▶ _WORK ORDER_: Retype exactly the lines that run from the line with "Barse Blue Abalone" to the final line of the entries, keeping both ends and nothing else.

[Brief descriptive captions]
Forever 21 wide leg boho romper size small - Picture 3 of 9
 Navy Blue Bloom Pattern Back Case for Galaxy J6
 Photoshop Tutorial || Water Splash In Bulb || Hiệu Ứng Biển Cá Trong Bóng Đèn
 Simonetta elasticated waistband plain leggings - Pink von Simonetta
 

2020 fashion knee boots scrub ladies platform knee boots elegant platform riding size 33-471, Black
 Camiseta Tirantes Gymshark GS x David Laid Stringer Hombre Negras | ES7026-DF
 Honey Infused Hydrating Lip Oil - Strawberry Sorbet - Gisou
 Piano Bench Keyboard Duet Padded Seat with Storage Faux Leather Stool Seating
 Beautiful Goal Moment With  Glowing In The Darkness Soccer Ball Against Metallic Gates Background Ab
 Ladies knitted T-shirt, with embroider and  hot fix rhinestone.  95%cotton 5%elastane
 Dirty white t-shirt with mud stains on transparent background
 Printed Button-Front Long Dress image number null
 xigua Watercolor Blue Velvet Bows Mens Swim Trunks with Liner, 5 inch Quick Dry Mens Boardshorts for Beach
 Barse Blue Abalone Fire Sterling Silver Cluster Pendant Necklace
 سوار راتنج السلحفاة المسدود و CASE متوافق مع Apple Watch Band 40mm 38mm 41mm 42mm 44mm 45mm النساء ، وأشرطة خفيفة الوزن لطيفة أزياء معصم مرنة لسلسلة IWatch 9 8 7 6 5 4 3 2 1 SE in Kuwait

▶ _RESPONSE AREA_:
 Barse Blue Abalone Fire Sterling Silver Cluster Pendant Necklace
 سوار راتنج السلحفاة المسدود و CASE متوافق مع Apple Watch Band 40mm 38mm 41mm 42mm 44mm 45mm النساء ، وأشرطة خفيفة الوزن لطيفة أزياء معصم مرنة لسلسلة IWatch 9 8 7 6 5 4 3 2 1 SE in Kuwait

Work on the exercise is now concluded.